Without including any pictures, give back all of the data exactly.

___ Supplied information ___

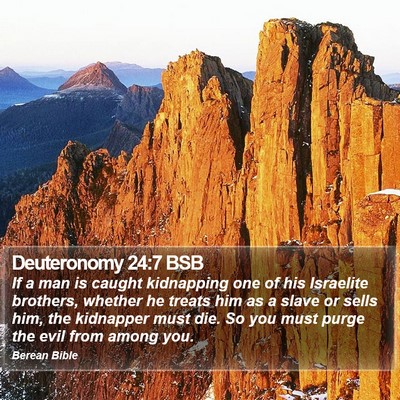 Deuteronomy 24:7 BSB Bible Verse Image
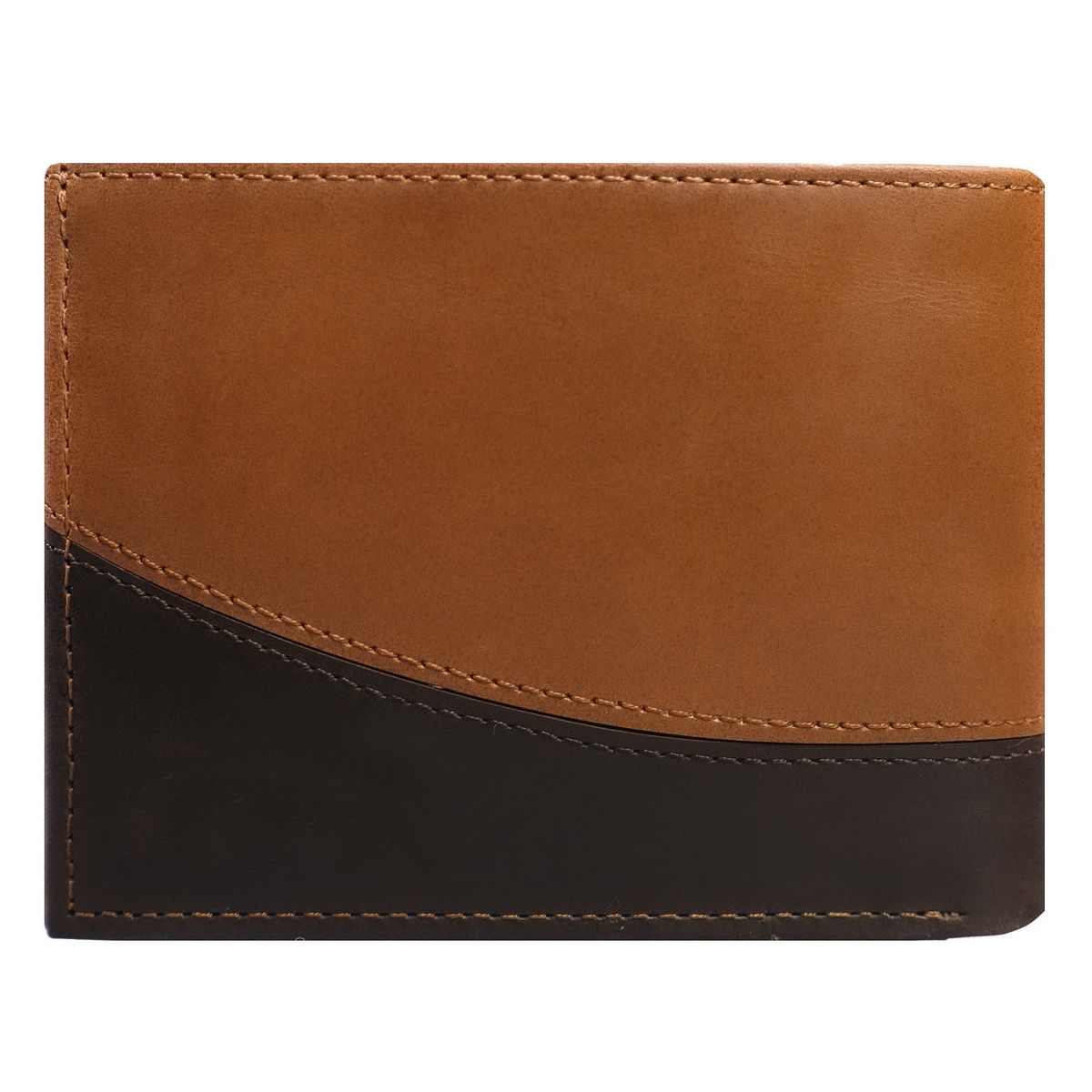 CRAFTMEN - Billetera de hombre cuero natural café Craftmen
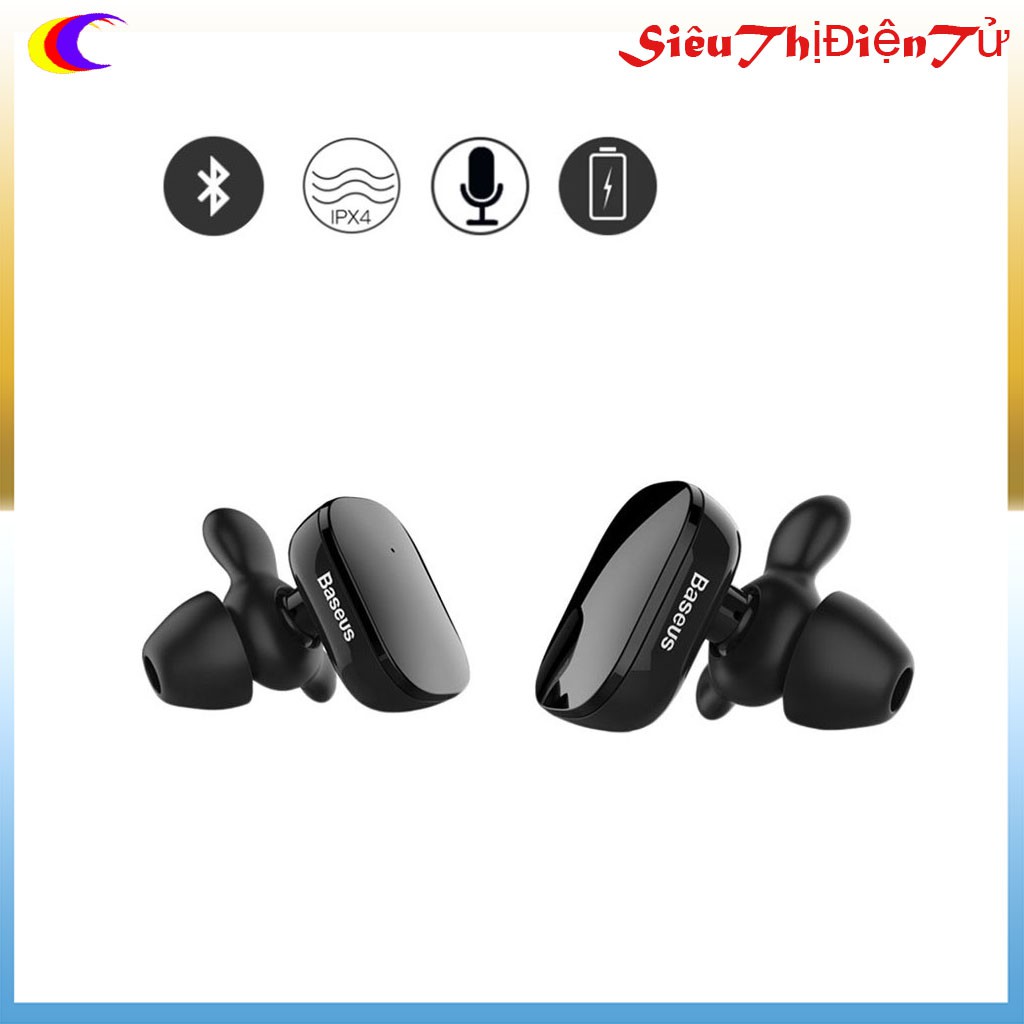 TAI NGHE BASEUS W02 hay TAI NGHE BLUETOOTH KÈM ĐỐC SẠC- TAI NGHE CHÍNH HÃNG KHÔNG DÂY TAI NGHE CHỐNG ỒN HIỆU QUẢ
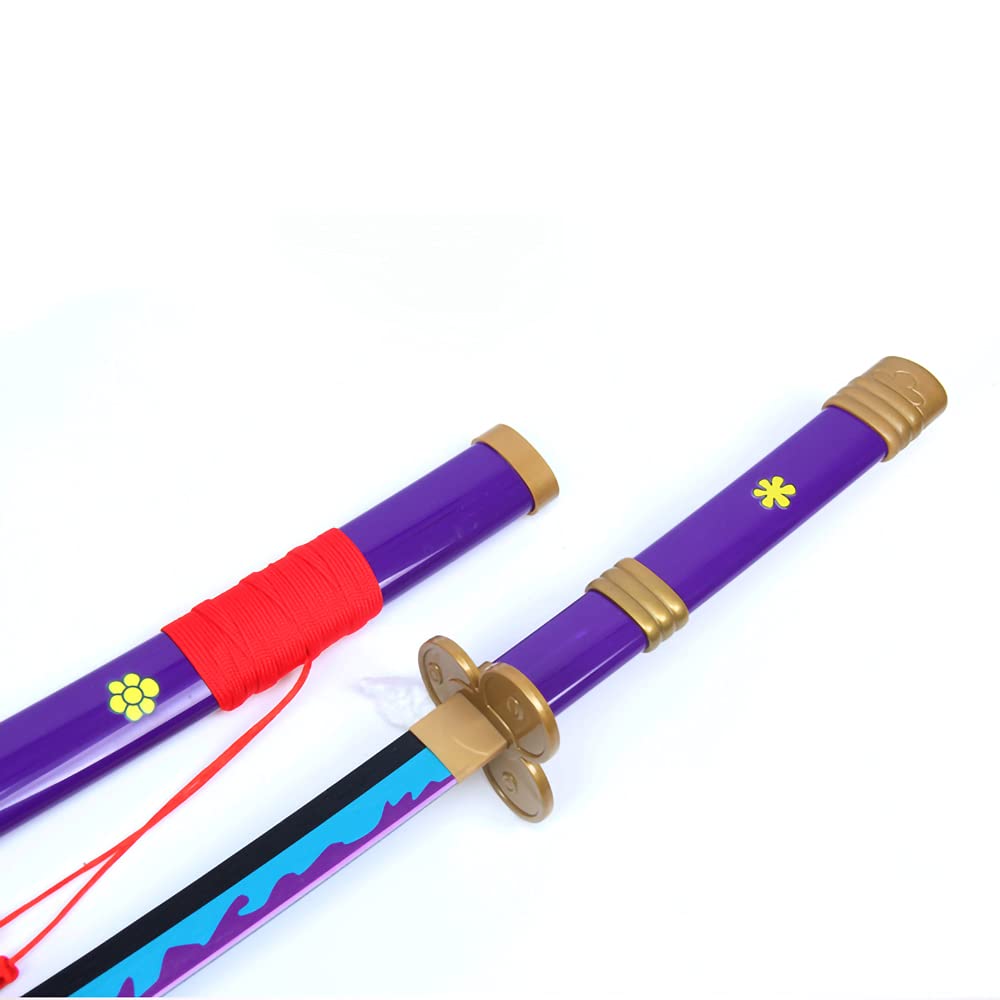 One Piece Spada Per Roronoa Zoro Cosplay, Anime Giapponese Di Bambù Puntelli Della Pala, Katana Samurai Lama Giocattolo Modello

___

Response box »
 Deuteronomy 24:7 BSB Bible Verse Image
 CRAFTMEN - Billetera de hombre cuero natural café Craftmen
 TAI NGHE BASEUS W02 hay TAI NGHE BLUETOOTH KÈM ĐỐC SẠC- TAI NGHE CHÍNH HÃNG KHÔNG DÂY TAI NGHE CHỐNG ỒN HIỆU QUẢ
 One Piece Spada Per Roronoa Zoro Cosplay, Anime Giapponese Di Bambù Puntelli Della Pala, Katana Samurai Lama Giocattolo Modello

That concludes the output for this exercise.